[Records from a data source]

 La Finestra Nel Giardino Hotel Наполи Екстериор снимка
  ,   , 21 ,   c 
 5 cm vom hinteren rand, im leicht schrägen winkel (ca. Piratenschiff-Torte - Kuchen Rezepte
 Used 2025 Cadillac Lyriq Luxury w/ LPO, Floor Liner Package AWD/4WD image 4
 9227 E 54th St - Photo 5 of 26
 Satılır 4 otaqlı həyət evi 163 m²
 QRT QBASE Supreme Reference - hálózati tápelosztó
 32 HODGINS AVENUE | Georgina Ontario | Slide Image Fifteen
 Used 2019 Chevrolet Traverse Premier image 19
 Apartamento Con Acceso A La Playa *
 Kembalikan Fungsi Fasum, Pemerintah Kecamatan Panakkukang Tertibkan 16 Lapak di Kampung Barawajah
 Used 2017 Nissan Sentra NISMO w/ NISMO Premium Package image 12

[WHAT IS EXPECTED]: Extract all lines of the records above that include "Package".

[RESPONSE TO THE EXERCISE]:
 Used 2025 Cadillac Lyriq Luxury w/ LPO, Floor Liner Package AWD/4WD image 4
 Used 2017 Nissan Sentra NISMO w/ NISMO Premium Package image 12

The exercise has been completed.